2000 words, 8 minute read


Hamlet only scratched the surface. He imagined that he had influence over life and death. Too late, sweet prince; that ship had sailed. Hamlet was already born, and there’s no erasing that…is there?


Still, he asks good questions: should we nobly “suffer the slings and arrows of outrageous fortune?” Is that a fair price to pay for long life? Or should we “take arms against a sea of troubles,” thereby placing our lives at heightened risk? 


Troubles only cease when we ‘sleep’, so our campaign against them can only end in death. “’Tis a consummation devoutly to be wished. To die, to sleep…”


“To sleep, perchance to dream – aye, there’s the rub.” Hamlet weighs the possibility that consciousness might survive the death of the material body. 

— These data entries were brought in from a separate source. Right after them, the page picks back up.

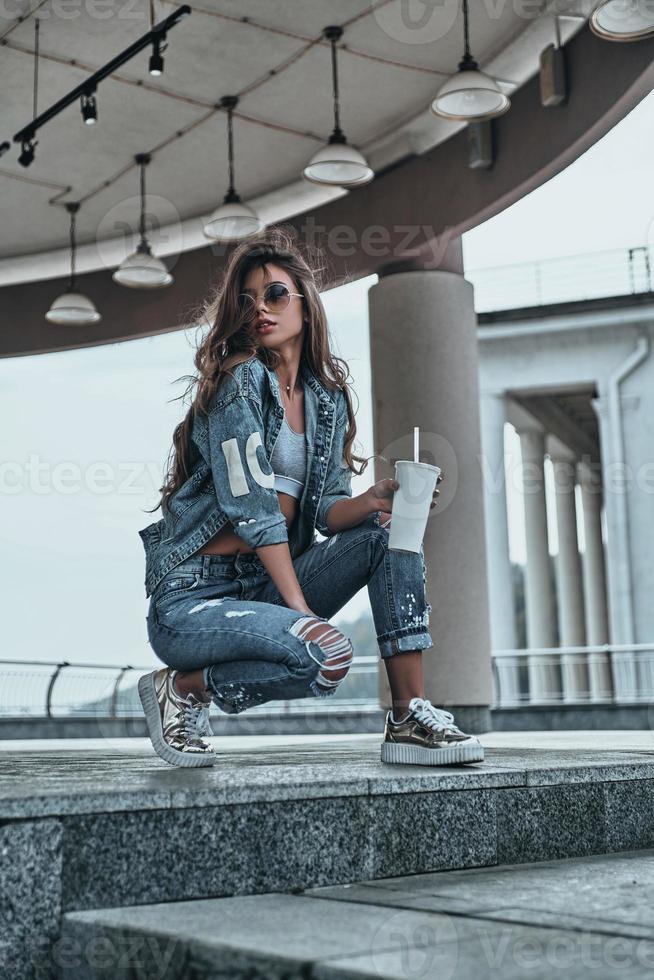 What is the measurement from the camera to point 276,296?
10.6ft

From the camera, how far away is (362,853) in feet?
8.27

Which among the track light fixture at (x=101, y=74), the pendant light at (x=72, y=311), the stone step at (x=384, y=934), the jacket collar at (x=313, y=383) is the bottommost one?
the stone step at (x=384, y=934)

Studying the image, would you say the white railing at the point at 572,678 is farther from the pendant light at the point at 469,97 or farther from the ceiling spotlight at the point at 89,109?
the ceiling spotlight at the point at 89,109

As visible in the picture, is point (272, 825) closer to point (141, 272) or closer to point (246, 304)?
point (246, 304)

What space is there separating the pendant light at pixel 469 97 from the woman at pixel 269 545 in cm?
425

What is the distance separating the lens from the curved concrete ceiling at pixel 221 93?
8219 mm

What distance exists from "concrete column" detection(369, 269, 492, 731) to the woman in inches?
252

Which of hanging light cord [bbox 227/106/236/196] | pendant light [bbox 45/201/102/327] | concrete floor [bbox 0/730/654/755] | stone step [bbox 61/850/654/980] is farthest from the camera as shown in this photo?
pendant light [bbox 45/201/102/327]

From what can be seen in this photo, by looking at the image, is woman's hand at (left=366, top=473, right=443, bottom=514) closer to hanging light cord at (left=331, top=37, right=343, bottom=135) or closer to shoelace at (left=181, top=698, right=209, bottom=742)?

A decision to eschew the lure of long life opens up a range of behavioral options ranging from crusades against injustice, to risky personal behavior, to outright self-harm. Each of these lifestyle choices carries an enhanced risk of premature death but none of them has the power to annul our birth.


A friend recently told me, “I don’t know if there is any continuation of consciousness after death, but if there is, I am sure that what happens in our current life influences whatever comes next.”


On the one hand, my friend was proposing an outlandish theory for which there could be scant empirical evidence. On the other hand, he was expressing what turns out to be an almost baseline human belief. 


In our Western religious tradition, we call it Heaven and Hell. In the Eastern tradition, karma, reincarnation and Nirvana. Other traditions (Confucian, Abrahamic) imagine that we live on through our descendants and, perhaps, that the consequences of our vices and virtues are somehow visited on those latter generations.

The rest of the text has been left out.